RECORD SET:
=======

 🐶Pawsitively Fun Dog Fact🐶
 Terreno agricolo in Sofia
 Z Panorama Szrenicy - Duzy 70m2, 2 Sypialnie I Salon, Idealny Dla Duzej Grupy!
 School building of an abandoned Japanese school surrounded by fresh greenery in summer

=======

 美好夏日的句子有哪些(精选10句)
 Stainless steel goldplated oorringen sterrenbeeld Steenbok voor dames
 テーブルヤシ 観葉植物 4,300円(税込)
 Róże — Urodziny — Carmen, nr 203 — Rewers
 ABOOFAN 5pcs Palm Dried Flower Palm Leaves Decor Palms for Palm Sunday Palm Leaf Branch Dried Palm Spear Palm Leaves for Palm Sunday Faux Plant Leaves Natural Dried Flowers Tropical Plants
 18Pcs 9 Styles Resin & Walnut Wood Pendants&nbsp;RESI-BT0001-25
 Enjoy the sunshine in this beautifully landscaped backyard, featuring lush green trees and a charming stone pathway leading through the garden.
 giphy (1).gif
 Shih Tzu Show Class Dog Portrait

=======

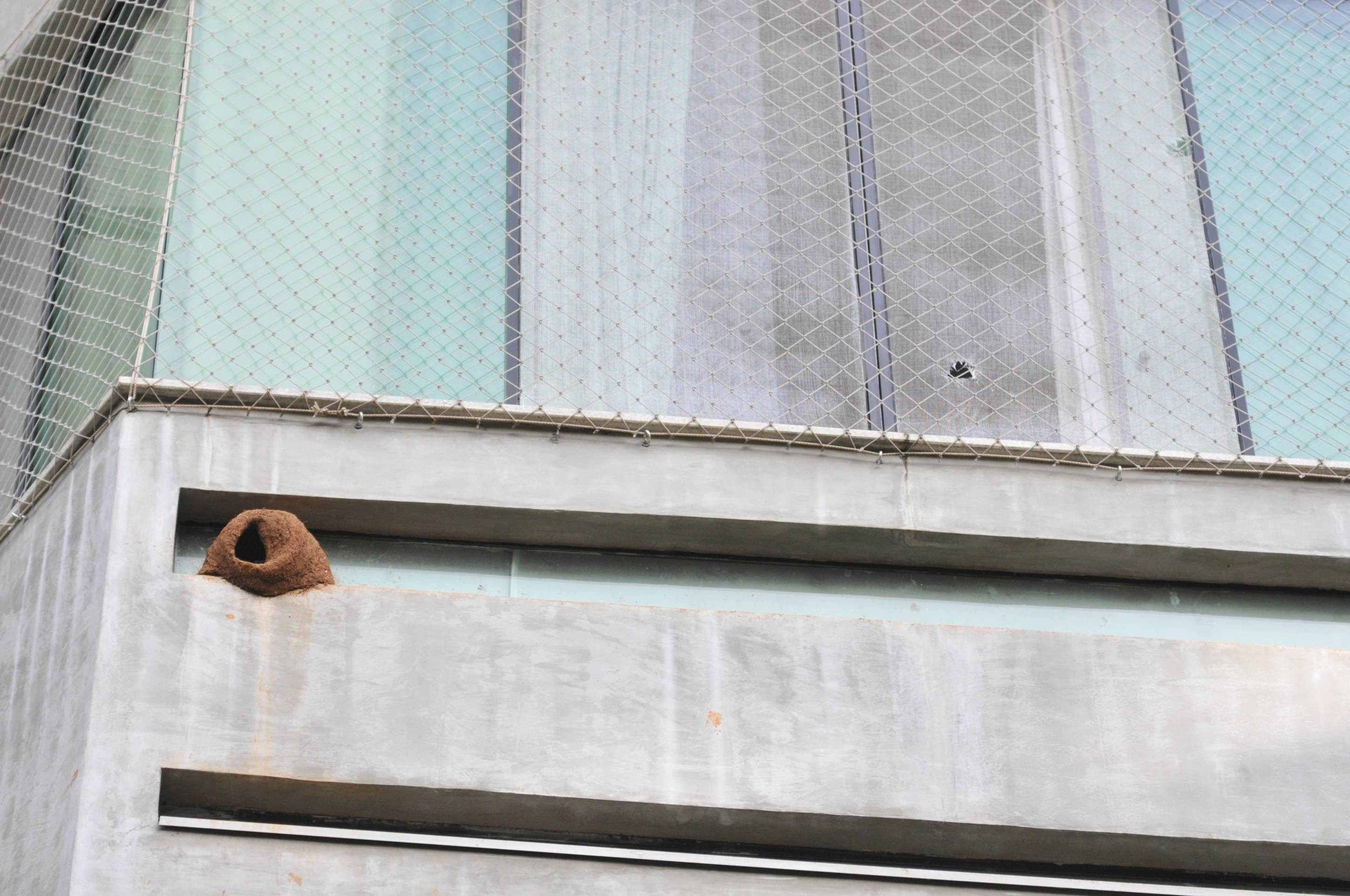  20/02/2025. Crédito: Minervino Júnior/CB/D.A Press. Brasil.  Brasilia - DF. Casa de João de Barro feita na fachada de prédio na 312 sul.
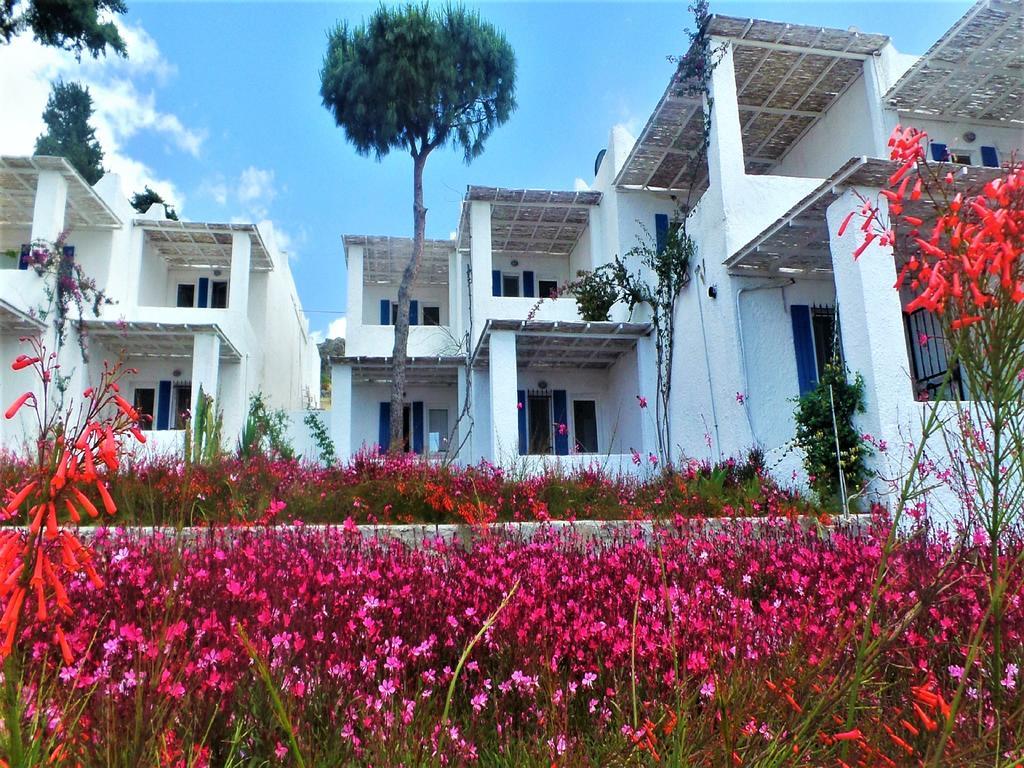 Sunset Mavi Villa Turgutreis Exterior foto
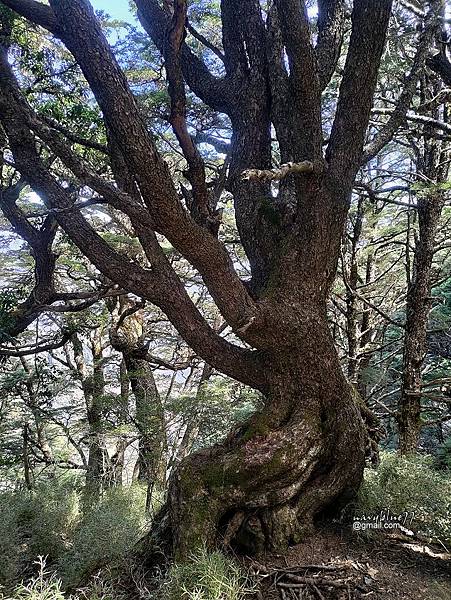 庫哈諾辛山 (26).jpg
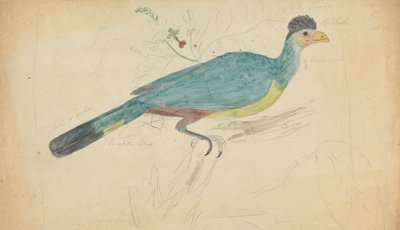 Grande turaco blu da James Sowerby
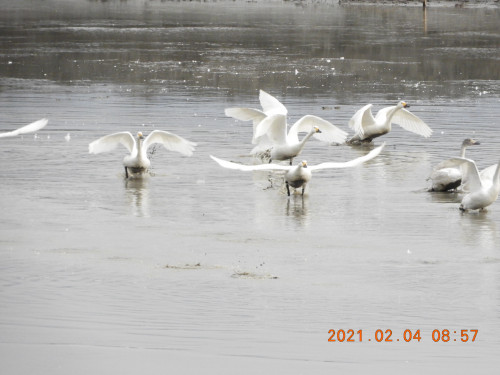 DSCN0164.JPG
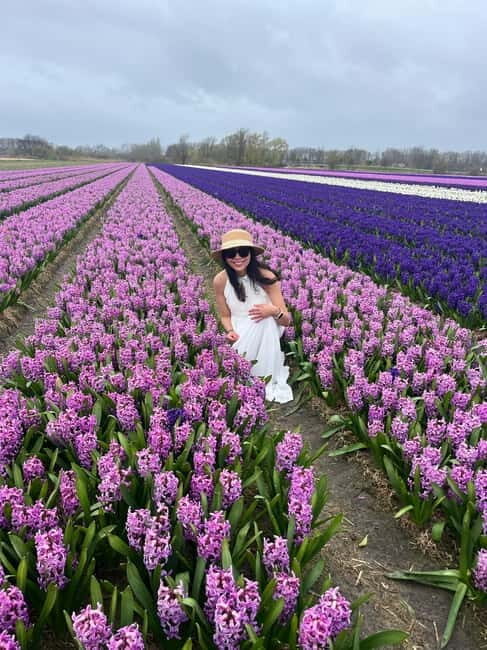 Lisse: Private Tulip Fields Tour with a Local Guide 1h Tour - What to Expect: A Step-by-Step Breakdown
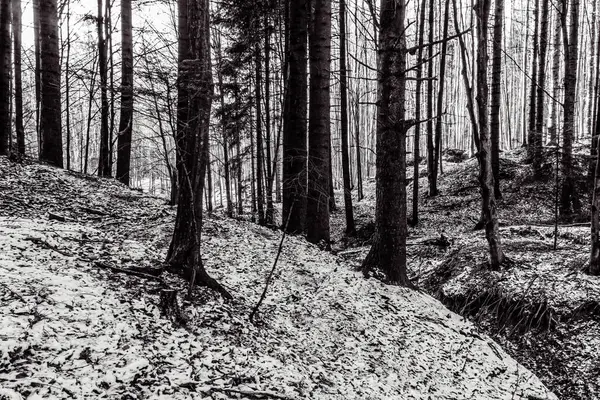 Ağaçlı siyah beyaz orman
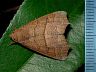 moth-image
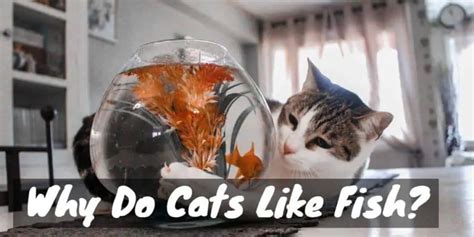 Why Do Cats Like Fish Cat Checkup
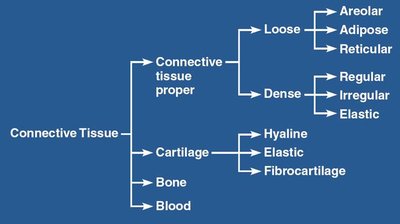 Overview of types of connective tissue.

=======

WHAT YOU HAVE TO DO: In the listing above, find the line containing "Fun Dog Fact🐶" and the line containing "School building of", then retype both and every line between them exactly, with nothing else.

EXERCISE OUTPUT:
 🐶Pawsitively Fun Dog Fact🐶
 Terreno agricolo in Sofia
 Z Panorama Szrenicy - Duzy 70m2, 2 Sypialnie I Salon, Idealny Dla Duzej Grupy!
 School building of an abandoned Japanese school surrounded by fresh greenery in summer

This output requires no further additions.